◆ WHAT THE TASK ASKS: From the records below, please repeat exactly the line that has "Gebrauchte Turbo Kia", the line that has "Citroën Berlingo - 14", and every line between them, and nothing else.

◆ DATA PROVIDED:
[Start of section]

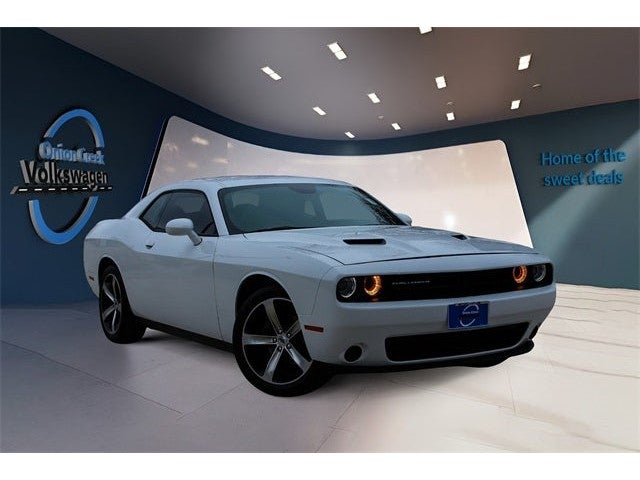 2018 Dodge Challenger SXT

[End of section]
[Start of section]

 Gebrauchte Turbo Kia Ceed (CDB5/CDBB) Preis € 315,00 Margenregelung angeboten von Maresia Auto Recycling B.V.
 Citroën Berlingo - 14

[End of section]
[Start of section]

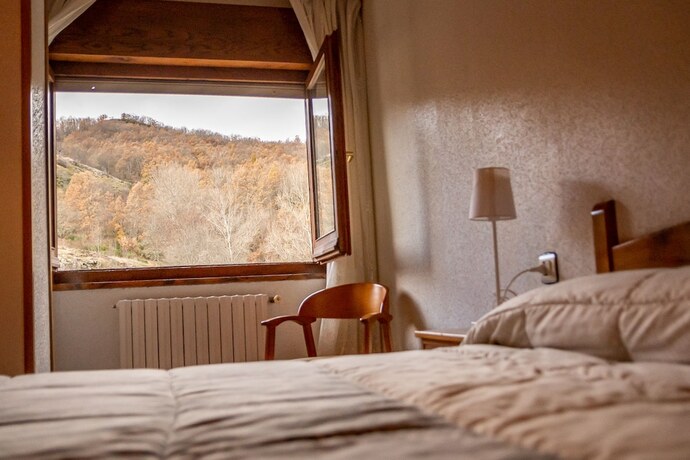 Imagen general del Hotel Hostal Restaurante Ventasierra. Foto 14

[End of section]

◆ REPLY TO THE EXERCISE:
 Gebrauchte Turbo Kia Ceed (CDB5/CDBB) Preis € 315,00 Margenregelung angeboten von Maresia Auto Recycling B.V.
 Citroën Berlingo - 14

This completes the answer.